Task input
===
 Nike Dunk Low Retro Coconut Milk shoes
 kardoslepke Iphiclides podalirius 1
===
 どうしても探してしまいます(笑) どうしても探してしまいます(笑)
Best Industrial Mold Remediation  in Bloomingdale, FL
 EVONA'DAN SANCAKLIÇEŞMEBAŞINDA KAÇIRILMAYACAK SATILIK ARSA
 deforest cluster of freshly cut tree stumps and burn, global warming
===
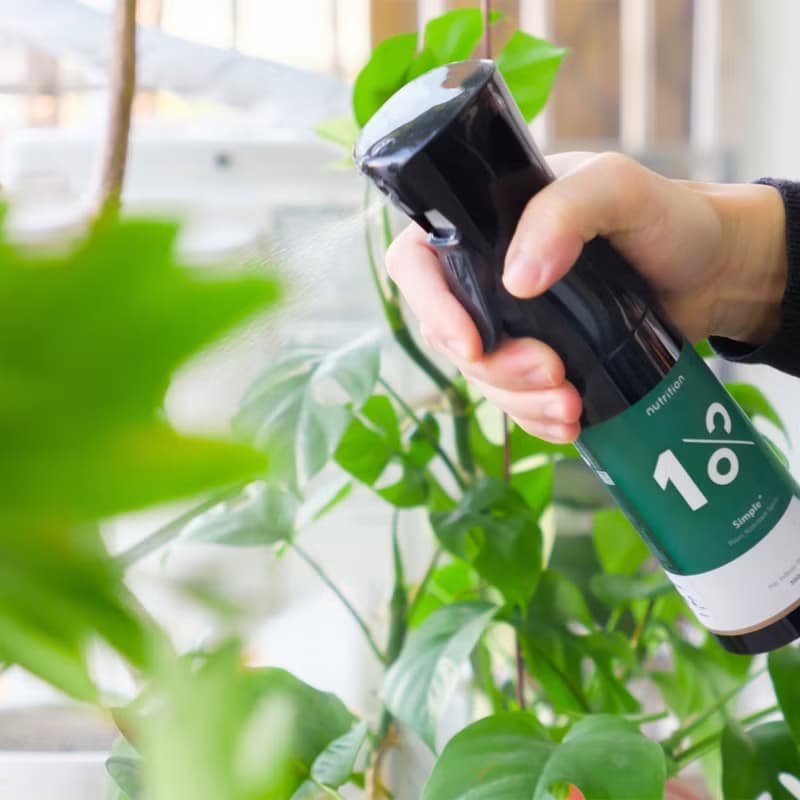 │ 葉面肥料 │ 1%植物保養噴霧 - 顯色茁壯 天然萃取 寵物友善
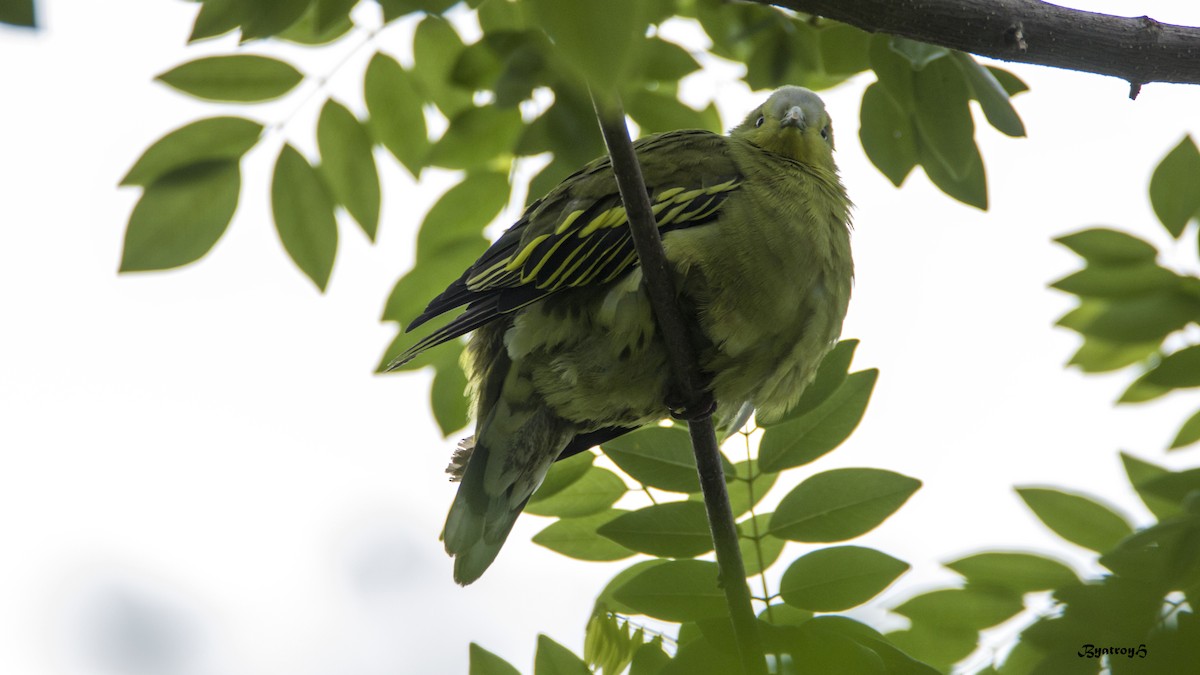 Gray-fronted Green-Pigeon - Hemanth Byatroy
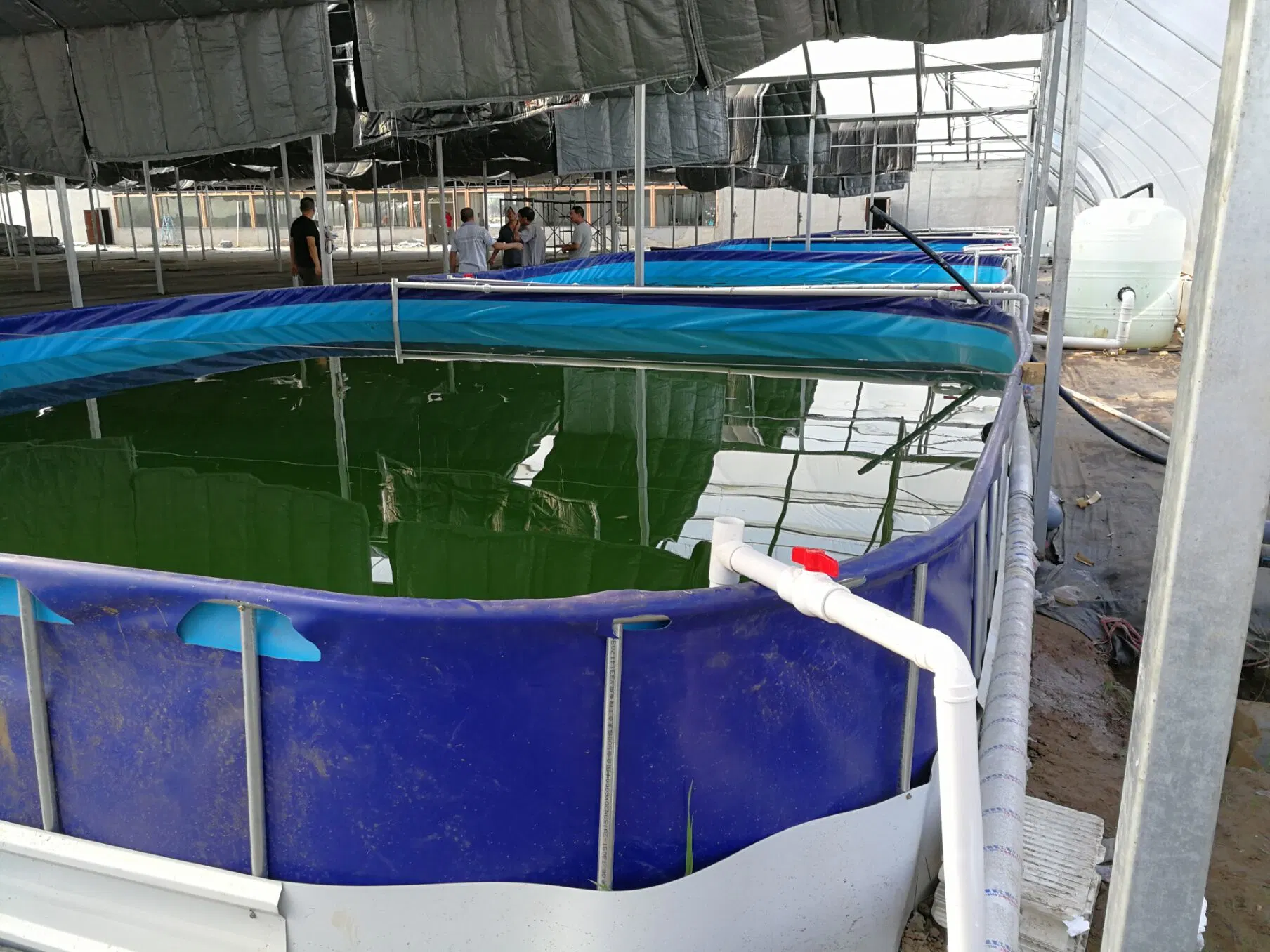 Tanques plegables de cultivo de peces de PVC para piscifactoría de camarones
===
Your instructions
When you reach the line containing "Nike Dunk Low Retro Coconut Milk shoes" in the data above, start copying exactly, and stop after the line containing "kardoslepke Iphiclides podalirius 1".

Response to the exercise
 Nike Dunk Low Retro Coconut Milk shoes
 kardoslepke Iphiclides podalirius 1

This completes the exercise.